The above routines were used to obtain the evaluation function, which in turn was used in the evolutionary SGA and SMGA algorithms. Next, and in order to study the usefulness of the method proposed to obtain the fitness function, the evolutionary algorithms were applied to solve two instances, one of the 0/1 knapsack problem and the other of the 2-SAT (2-satisfiability) problem. In the following, we describe the general methodology applied to obtain the evaluation function in each of the previously cited optimization problems.
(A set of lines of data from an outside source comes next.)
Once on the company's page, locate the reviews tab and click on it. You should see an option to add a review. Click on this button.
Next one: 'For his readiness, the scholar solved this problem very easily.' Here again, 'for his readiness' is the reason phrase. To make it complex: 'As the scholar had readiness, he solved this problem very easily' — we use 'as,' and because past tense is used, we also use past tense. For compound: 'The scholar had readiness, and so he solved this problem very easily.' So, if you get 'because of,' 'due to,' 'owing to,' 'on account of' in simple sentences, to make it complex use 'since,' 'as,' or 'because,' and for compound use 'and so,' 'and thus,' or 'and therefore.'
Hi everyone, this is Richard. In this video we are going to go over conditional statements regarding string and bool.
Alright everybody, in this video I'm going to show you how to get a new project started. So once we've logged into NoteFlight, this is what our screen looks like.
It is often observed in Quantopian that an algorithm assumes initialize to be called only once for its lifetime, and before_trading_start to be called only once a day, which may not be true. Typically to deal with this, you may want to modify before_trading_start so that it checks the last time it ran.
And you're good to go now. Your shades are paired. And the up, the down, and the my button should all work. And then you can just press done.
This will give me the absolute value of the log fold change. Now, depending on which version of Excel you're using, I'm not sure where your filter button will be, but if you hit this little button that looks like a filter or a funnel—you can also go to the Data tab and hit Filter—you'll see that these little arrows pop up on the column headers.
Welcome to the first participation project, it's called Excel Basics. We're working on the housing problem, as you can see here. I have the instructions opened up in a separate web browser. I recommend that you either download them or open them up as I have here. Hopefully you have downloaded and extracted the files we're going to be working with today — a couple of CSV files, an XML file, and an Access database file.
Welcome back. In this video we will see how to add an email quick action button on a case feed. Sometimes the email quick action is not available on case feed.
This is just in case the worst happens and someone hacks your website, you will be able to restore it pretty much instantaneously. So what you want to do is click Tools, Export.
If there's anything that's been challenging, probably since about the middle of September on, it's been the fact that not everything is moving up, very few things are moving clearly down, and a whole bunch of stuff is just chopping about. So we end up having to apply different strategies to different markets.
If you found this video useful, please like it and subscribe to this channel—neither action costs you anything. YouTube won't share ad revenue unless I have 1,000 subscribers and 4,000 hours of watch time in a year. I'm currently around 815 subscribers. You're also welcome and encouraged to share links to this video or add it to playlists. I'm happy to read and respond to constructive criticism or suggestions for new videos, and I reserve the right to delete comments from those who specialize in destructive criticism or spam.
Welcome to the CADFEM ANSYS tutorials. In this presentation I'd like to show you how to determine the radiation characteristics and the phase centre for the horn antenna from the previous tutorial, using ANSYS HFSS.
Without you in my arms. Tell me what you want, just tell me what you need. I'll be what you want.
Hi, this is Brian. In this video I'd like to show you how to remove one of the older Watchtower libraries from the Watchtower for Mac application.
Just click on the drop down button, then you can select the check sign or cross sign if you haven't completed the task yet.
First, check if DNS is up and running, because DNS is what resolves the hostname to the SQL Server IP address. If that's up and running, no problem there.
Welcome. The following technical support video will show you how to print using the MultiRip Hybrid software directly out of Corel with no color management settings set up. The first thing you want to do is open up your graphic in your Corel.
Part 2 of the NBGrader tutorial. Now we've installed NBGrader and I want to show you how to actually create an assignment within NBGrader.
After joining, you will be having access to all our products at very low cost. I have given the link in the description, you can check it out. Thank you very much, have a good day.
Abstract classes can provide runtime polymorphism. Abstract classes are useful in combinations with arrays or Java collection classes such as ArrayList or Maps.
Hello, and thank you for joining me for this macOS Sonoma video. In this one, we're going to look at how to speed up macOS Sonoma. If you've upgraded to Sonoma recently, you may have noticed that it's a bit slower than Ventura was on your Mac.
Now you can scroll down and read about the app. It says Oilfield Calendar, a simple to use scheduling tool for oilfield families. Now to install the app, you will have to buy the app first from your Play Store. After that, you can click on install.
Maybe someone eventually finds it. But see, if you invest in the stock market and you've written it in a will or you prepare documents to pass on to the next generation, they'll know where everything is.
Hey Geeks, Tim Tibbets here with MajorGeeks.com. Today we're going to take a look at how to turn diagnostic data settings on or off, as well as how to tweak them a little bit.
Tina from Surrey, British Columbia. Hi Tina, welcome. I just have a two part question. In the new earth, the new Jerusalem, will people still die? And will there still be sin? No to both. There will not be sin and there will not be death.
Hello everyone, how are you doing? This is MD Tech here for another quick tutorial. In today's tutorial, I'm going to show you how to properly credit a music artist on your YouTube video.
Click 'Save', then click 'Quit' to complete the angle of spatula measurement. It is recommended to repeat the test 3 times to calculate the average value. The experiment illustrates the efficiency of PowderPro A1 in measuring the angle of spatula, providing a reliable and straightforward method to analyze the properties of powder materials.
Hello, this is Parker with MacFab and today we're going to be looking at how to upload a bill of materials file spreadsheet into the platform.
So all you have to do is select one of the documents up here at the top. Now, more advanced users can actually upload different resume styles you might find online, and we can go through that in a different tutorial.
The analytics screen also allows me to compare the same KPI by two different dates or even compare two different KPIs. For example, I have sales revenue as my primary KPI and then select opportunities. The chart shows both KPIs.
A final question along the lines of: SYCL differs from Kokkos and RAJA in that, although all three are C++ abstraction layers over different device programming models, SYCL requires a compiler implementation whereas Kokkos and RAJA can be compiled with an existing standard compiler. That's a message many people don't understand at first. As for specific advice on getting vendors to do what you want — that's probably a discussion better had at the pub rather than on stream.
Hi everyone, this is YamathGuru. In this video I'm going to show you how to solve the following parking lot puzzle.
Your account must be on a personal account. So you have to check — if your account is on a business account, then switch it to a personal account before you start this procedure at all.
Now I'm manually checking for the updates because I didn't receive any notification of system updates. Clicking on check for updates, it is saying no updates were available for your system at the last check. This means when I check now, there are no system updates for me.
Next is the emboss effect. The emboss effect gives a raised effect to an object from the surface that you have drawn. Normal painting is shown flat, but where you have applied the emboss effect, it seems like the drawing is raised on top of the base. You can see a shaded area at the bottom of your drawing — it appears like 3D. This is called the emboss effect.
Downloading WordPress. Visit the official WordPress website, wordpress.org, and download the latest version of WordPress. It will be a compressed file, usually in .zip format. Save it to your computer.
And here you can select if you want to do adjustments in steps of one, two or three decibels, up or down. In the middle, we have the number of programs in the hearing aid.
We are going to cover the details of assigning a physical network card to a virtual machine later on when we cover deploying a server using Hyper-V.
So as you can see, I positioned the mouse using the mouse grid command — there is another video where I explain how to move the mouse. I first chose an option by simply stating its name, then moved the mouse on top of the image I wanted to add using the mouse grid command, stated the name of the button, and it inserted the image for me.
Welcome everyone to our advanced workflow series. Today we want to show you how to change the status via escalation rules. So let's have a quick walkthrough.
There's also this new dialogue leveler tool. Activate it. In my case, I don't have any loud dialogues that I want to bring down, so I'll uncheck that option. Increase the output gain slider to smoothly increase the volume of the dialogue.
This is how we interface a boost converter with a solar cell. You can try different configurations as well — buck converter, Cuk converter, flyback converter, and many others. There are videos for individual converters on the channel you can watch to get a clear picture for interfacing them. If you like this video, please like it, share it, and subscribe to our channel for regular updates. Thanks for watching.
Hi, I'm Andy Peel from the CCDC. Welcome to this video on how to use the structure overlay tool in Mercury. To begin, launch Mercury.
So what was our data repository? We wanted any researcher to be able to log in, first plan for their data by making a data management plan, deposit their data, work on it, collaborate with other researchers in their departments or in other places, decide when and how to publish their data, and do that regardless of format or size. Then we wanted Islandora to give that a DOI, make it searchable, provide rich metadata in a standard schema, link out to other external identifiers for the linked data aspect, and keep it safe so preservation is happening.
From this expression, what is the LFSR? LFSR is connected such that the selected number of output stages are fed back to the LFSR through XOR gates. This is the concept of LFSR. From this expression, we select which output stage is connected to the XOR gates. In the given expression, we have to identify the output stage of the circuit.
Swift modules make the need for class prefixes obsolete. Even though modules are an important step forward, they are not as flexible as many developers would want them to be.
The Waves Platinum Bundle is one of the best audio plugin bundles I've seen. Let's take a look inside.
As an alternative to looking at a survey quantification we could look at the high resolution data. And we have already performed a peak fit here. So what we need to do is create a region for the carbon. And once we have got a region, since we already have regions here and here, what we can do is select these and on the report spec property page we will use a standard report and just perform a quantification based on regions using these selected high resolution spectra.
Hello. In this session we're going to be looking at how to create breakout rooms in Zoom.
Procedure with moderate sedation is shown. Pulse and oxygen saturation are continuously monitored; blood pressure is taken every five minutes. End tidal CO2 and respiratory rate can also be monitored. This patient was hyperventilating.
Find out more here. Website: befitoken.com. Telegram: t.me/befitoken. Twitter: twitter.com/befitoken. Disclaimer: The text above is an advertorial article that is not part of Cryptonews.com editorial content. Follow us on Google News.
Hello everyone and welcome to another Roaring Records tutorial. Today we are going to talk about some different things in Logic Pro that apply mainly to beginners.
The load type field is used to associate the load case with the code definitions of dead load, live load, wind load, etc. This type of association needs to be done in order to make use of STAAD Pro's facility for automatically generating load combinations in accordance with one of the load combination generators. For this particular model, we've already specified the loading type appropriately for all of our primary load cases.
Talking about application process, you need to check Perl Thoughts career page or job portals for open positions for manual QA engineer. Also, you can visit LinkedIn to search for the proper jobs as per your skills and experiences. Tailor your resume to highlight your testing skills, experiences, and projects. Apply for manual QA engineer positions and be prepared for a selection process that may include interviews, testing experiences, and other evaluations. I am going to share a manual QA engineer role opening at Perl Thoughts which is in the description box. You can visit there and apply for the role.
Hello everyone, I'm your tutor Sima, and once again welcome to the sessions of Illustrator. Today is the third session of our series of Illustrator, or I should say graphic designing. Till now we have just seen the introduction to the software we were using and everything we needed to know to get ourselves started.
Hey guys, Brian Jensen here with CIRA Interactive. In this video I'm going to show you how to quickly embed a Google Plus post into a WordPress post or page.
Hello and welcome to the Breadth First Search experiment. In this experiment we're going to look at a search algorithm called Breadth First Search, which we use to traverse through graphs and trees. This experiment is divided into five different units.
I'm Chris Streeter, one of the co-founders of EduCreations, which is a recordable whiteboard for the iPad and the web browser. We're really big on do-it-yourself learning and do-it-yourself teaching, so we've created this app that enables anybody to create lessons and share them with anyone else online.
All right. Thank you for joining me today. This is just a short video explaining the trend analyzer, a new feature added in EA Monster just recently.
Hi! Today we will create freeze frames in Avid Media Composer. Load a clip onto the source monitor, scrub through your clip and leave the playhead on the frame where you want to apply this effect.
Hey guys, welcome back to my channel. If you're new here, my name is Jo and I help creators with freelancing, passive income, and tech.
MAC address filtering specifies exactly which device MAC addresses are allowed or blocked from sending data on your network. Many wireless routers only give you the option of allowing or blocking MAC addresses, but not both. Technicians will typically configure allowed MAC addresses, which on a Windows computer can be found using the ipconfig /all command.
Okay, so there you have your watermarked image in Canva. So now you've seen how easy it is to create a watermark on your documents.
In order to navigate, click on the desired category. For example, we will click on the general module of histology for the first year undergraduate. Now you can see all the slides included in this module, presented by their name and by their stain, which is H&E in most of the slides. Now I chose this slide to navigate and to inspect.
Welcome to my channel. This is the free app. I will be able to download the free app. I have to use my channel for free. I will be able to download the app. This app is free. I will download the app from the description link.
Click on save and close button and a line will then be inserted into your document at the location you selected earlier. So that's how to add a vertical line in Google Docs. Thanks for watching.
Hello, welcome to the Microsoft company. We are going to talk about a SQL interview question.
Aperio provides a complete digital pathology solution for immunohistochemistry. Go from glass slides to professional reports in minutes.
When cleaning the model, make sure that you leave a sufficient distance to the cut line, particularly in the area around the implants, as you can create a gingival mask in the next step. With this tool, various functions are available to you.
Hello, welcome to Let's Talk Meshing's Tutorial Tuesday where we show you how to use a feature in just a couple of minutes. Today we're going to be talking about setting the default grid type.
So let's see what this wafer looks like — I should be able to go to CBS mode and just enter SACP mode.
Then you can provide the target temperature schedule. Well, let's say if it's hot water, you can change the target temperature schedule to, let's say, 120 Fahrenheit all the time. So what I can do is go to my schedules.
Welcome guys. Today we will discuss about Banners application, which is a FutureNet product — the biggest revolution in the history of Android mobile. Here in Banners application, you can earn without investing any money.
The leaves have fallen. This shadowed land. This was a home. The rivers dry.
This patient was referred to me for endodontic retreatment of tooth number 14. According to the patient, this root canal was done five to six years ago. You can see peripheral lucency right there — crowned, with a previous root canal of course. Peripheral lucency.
2.1.1. Method for Obtaining the Evaluation Function in the 0/1 Knapsack Problem

Let x be the value of a knapsack, xi the value of a set of items selected for the knapsack and yi the fitness value for xi, the value for which is estimated by applying a method of screening in silico. The procedure involves increasing x to a pre-set increase, Δ x . Once an initial value of x has been set, for instance equal to 2.0 (Figure 7), the size of the synthetic bacteria colony grows according to an exponential or Malthusian growth model [26]. As the number of bacteria increases, so do the levels of a synthesized reporter protein, i.e., the green fluorescent protein (GFP). As the colony grows, in a given time, t, the procedure records the average value of GFP/volume. The fitness value, yi, for each value of xi is calculated by multiplying the colony size, i.e., the number of bacteria, by the average GFP/volume. As a result, a scatter plot of the points (x1, y1), (x2, y2), …, (xn, yn) is obtained, and the fitness regression line y = a + bx is fitted by the least squares method (Appendix A, Figure A4).
The described procedure was carried out twice, obtaining two regression lines. In one case, we will obtain the fitness function (regression line) for those instances that meet the knapsack weight restriction, i.e., the weight is less than the maximum capacity set (w < W), whereas in the other, we obtain the fitness function (regression line) for those instances that do not fulfill the constraint, and therefore, w > W. In order to obtain the first regression line, we will select in the register of the script in Gro (Figure 7; Appendix A, Figure A5) any desired value of q.w (total value of a set of items) that complies with q.w < q.W (maximum capacity restriction), i.e., q.w = 10, while to obtain the second regression line, we will set a value of q.w, i.e., q.w = 109, that satisfies q.w > q.W.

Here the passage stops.